Gurdwara councils in BC and Ontario are calling for a public inquiry into the murder of Hardeep Singh Nijjar (NIH’-jar) in Surrey last June, and for the immediate suspension of all security and intelligence agreements with India. The councils say it is clear, based on public reports, that intelligence agencies were aware of the threat to Nijjar’s life, which “suggests a concerning failure of Canada’s security agencies to prevent a foreseeable violent crime and gives rise to wider concerns within the community.” Meanwhile, Premier David Eby, who spent Monday and Tuesday in Ottawa meeting with federal ministers, says Prime Minister Justin Trudeau and Public Safety Minister Dominic LeBlanc have assured him BC will get the information it needs to ensure the safety of its residents. The premier had previously said Friday that he strongly suspected the federal government was holding back information that could help the province protect its residents with connections to India from foreign interference.

The Integrated Homicide Investigation Team is identifying the victim in what it has classified as a suspicious death. It says a 58-year-old man was found with serious injuries on Klein Lake Forest Service Road in Egmont on Saturday and while first responders provided first aid, he died of his injuries. I-HIT says it is now identifying the man as Henry Doyle of Vancouver in hopes of advancing its investigation. It says investigators have learned that Doyle had travelled to the area on his dirt bike, which was located near his body, and is asking anyone who was in the area or saw anything suspicious to contact I-HIT.

Officials are lifting the campfire and other open fire bans previously in place along much of BC’s coastal areas. The Coastal Fire Centre says it is rescinding all category 1, 2 and 3 open fire prohibitions in its region at noon today. The lifting of bans in the region covering Vancouver Island, BC’s southern and central coast as well as Haida Gwaii allows for the use of items such as tiki torches, outdoor stoves, fireworks and sky lanterns to return. Campfire bans in the region have been in place since July 7th, and other bans since May 18th.
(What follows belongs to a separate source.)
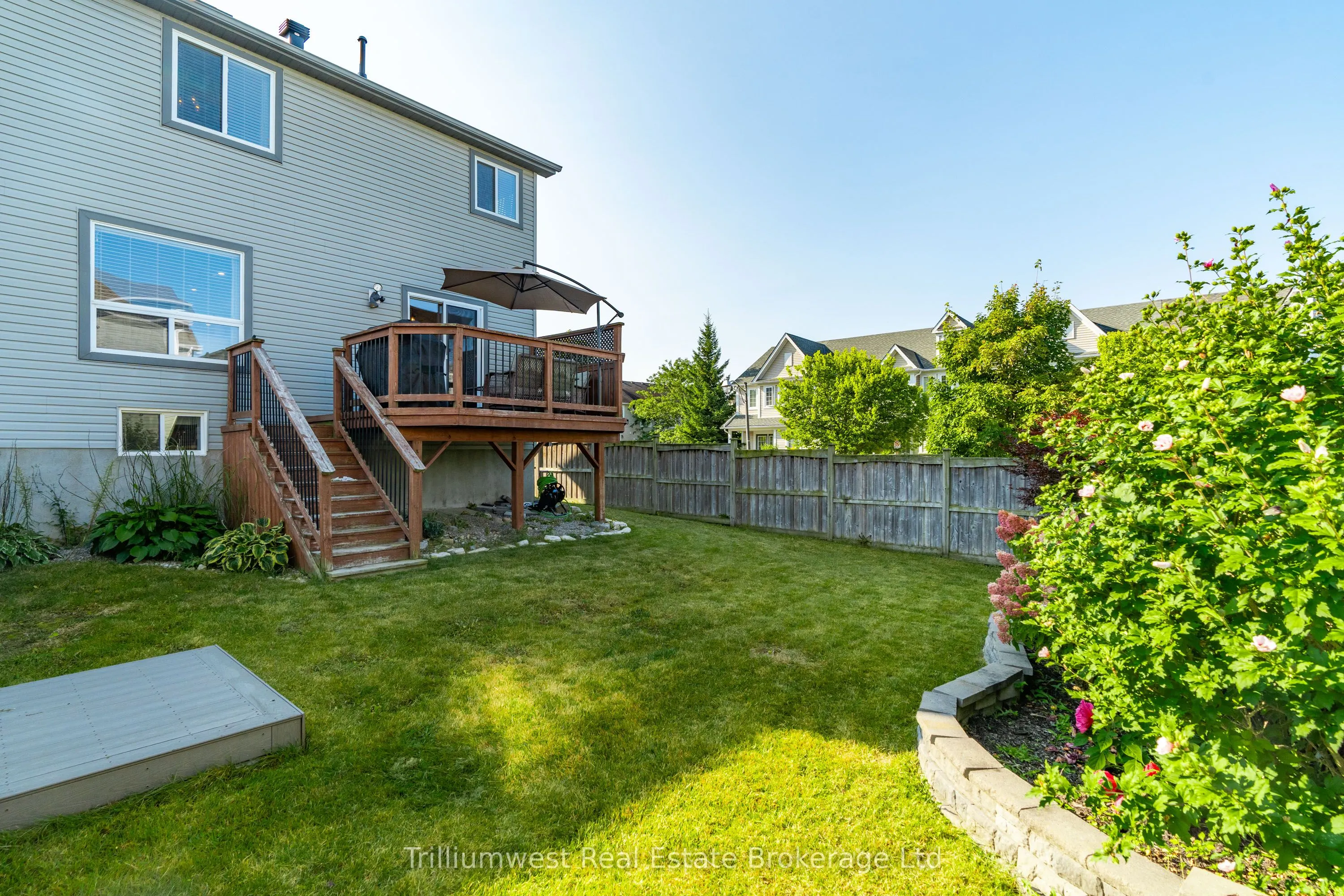 220 Ridge Top Crescent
Police in Delta are asking for the public’s help in their investigation into a crash between motorcycle and white sedan on Sunday. They say the 17-year-old motorcyclist had serious but non-life-threatening injuries. Police say they have not yet determined the cause of the crash and are now looking for witnesses or video that may be useful to investigators. They say pre-collision driving footage of both vehicles is of particular interest.